Adam Kinzinger, Rising Republican Superhero

According to the conservative newsmagazine The Weekly Standard, Rep. Adam Kinzinger isn’t just a rising Republican superstar, he’s a rising Republican superhero. The magazine begins a flattering profile of Kinzinger with an anecdote about how he rescued a Milwaukee woman who was being stabbed by her boyfriend. Kinzinger, who developed his combat instincts as an Air Force pilot in Iraq, stopped the attack by wrestling the knife-wielding man to the ground.

“That was a point when I realized, if you make a decision to give your life for something, which I did, it changes you,” he says. Almost every day since, he adds, he’s thought about that night and the lessons about leadership he learned from that experience.

“In a combat situation or in a real crazy situation, half of people will run, no matter what,” Kinzinger says. “Four-fifths of the remaining fifty percent will act only when told what to do. And ten percent will actually take control of the situation and lead. That’s what our military teaches officers, is how to not run and then not just do what’s told, but how to actually lead in that chaotic situation.”

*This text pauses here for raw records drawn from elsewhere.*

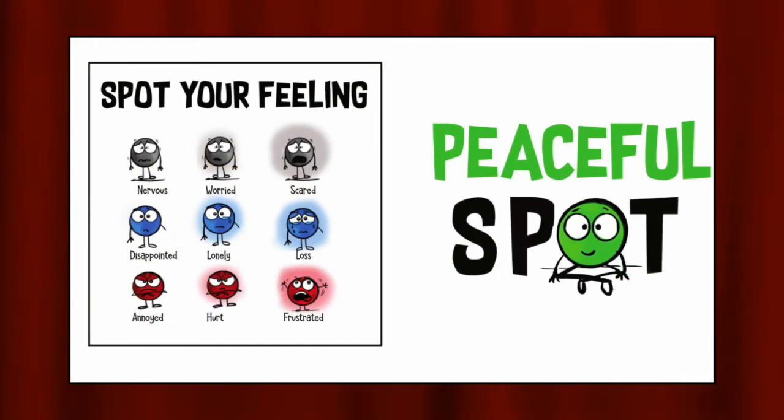Thank you so much for joining me today on Storytime with Lynn. That was a great story. I love how they said that even your peaceful spot can include coloring or peaceful music or peaceful pictures or meditation like we did last week. Boys and girls, I hope that as the month of April is wrapping up, you're able to practice peace, find your peaceful spot, and use it moving forward. Have a great day, boys and girls.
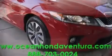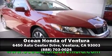Our sales reps are knowledgeable and professional. We are here to help you.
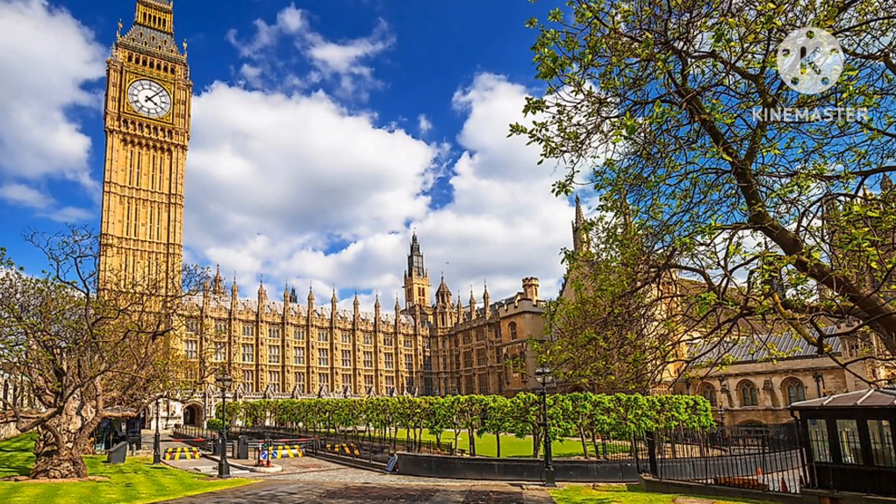You know, there's something I always wondered — what keeps Big Ben on time, and what is inside it? Well, you're about to find out.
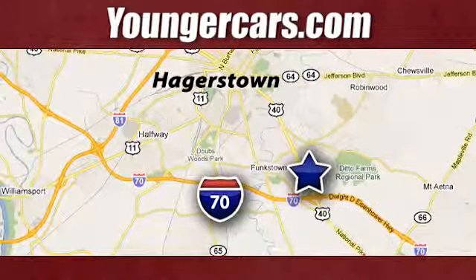The backup camera gives you a clear picture of what's behind you. Warm off the chills with the heated seats. Your favorite music has never sounded better, thanks to the premium sound system.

Kinzinger, who has military experience, likes to think he’s part of that 10 percent in Congress, leading on the issues that matter and taking a stand on principle, even when the situation looks like a political loser. It’s how he says he approached the issue of entitlement reform, specifically the Medicare reforms of the House Republican budget, for which he voted. Since taking office in 2011, Kinzinger has held 50 town hall meetings—events his predecessor, Democrat Debbie Halvorson, was infamously reluctant to hold—and several of those meetings were at senior centers and with AARP members.

Kinzinger says the urge to go toe-to-toe with his opponents, political or otherwise, is just who he is. “I don’t like really running away from a fight much,” he shrugs.

Kinzinger, who is 34, defeated Rep. Don Manzullo, a congressman exactly twice his age, after the two were drawn into the same district this year. The Weekly Standard portrays Kinzinger as part of a conservative youth movement in Washington, pointing out that the 10 youngest congressmen are all Republicans. It doesn’t mention the name of the youngest congressman, Rep. Aaron Schock of Peoria. Schock beat Kinzinger to Congress by two years, but as the two young men advance politically, they may face a showdown in a primary election for U.S. Senate or governor. So Kinzinger is out there promoting his biography. Who are flag-waving conservative Republicans going to choose: a metrosexual who models suits in GQ and flashes his abs on the cover of Men’s Health, or a tough combat veteran who fights off thugs with his bare hands?

Kinzinger even gets an endorsement from Rep. Peter Roskam, R-Wheaton, who says, “His future is very bright. He’s all upside.”

Watch out, Aaron.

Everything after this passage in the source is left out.